Tuesday, May 27, 2014

The Health Mania

Now there can be no arguing that many Americans are not healthy but I cannot say that I have ever met with a group of people more concerned about their health. Obsessed I believe could be a better term. I am bombarded at the store on how to better increase my sex drive by eating chocolate, or increasing my life span for 5 years if I decide to run in place thirty minutes a day, to even drink booze (the more, unfortunately, is not better according to the modern incantations). What is left unsaid is that health, by itself, whether we attain it or not, is good.

It is this the root of this oddity that we are so obsessed with health and not attain it that is agitating me. A reasonable examination of what this premise reveals shows that it does not hold up. The gross example being Pol Pot was healthy until his dotage and it is inarguable, I think, to say that it would have been better if he was not so healthy. Oh we can go into the matrix of identifying what causes what but up to a 3rd of the Cambodian population was killed. Fuck any intellectualizing of that. So why is it that we are trying so hard to identify it as good while not doing very well in attaining it?

It lay in the desolation that has become the meaning drive of Americans. We gave up our transcendence for a 4 bedroom home and all that that means. We gave up the practice for transcendence for the practice of material comfort; happiness lost out to pleasure. If we identify the mid to late fifties to the mid sixties or so as the halcyon days of economic activity we find the subsequent following years as a tottering tower of illusions. We reached our Elysian fields and found that they were wanting. We found the larger and larger homes but strangely they came with more and more anti-depressants and substance abuse. Erich Fromm points this out in his book The Sane Society where he has this chart that shows some of the richest countries as being the most melancholy (he identifies this by suicide and substance abuse demographics). Yes, even the liberal bastions of hope, the Nordic countries, fare poorly in his measures as they rank very high on this list of the blues.

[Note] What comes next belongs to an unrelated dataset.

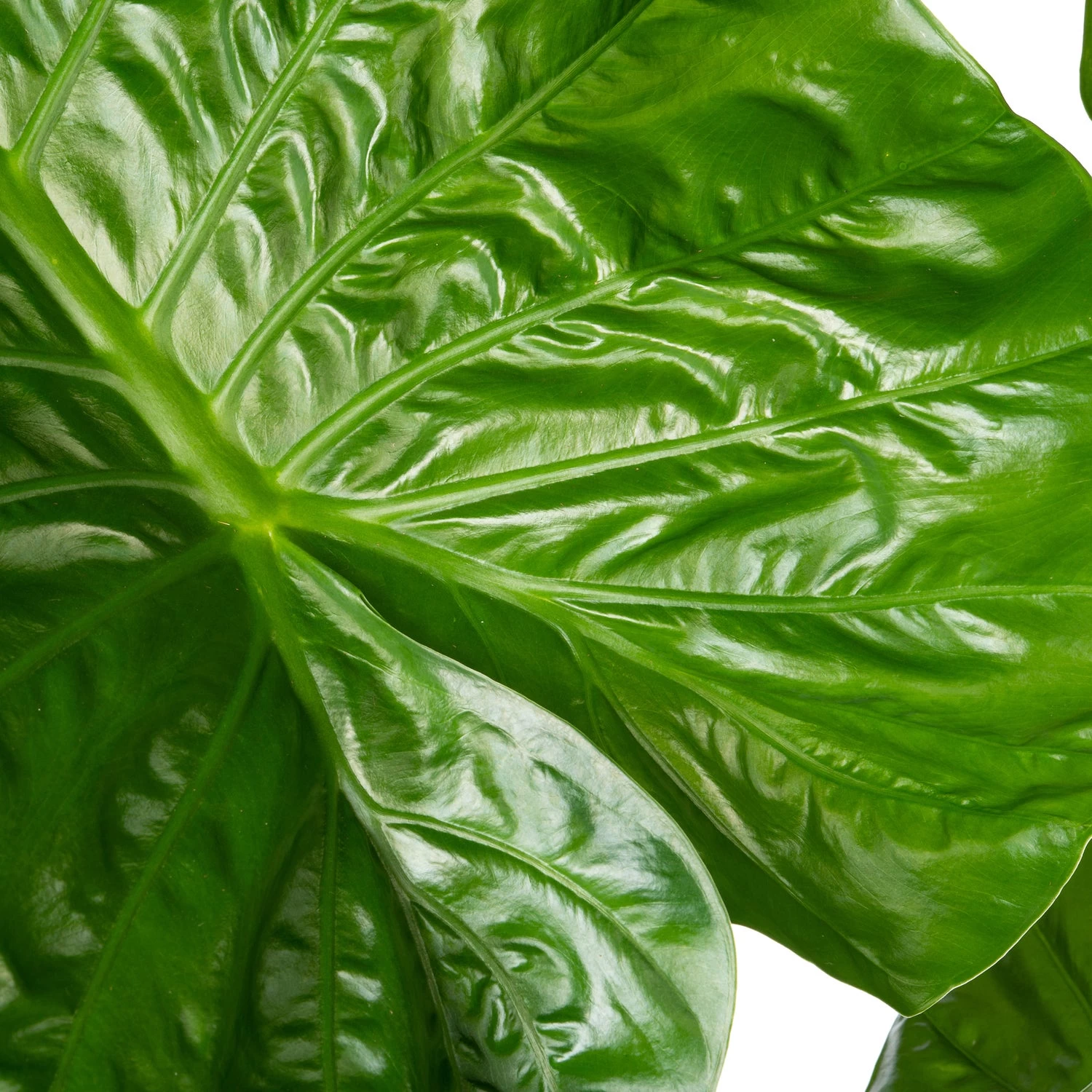 Olifantsoor (Alocasia 'Calidora') D 24 H 100 Cm 2 Olifantsoor (Alocasia 'Calidora') D 24 H 100 Cm - Afbeelding 2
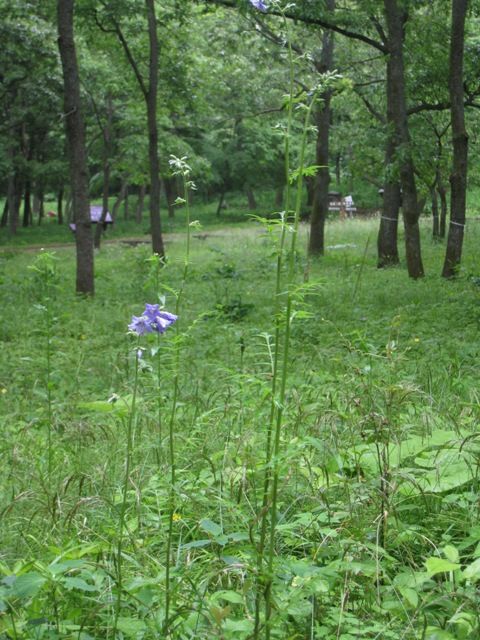 阿蘇野草園にも行きました（*^_^*）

Once we, as culture (sorta), climbed that alternative ladder that started with our decision to use material gain as our goal, we found a desert of existence. We peeked over the last barrier and saw that there was nothing stretched out except a dessicated world. The meaning dried out of and left to wither like some sort of once wet rag strangled and left to burn. We have come so far down this pathway that it is hard to destroy it and start anew. Or even to build toward a different trajectory. All we have is willful ignorance, if we are too scared to jump, or rebuild, we turn from the truth that we have found and go down the same ladder. Then we pretend that we are climbing a new ladder and refuse to look over the final barrier. We fall in love with the act of agitated motion, in my mind’s eye it is very similar to the running these health focused individuals do on a treadmill, or a track, or on their memorized routes; an act of locomotion that has been elevated to a reason unto itself. I see this as the reason that I have experience many middle to upper middle class children identifying and acting out the struggles of poverty e.g. gangs. I have experienced them shooting each other, speaking as they do, expressing themselves in these manners. It seems that they have chosen to take on the actions/reactions of those lower on the ladder in order to be further from the awful truth this pathway leads. If there is no transcendence then there is only pointless toil which really was the punishment for Sisyphus. If the hill and the rock were new to him each time and he thought that it was not pointless then I could see his punishment as, at the least, pleasure inducing as he would have, at least, a material meaning to attack. But once the cat is out of the bag there is no going back. We have reached that stage. We are only now sad but skilled sacks of shit trying to forget what we saw. We are Sysyphus with the knowledge of the futility of our work but with such attachment and desire (which must be cultivated in the material drive) that we fear to let the silly action die and seek another more fulfilling one.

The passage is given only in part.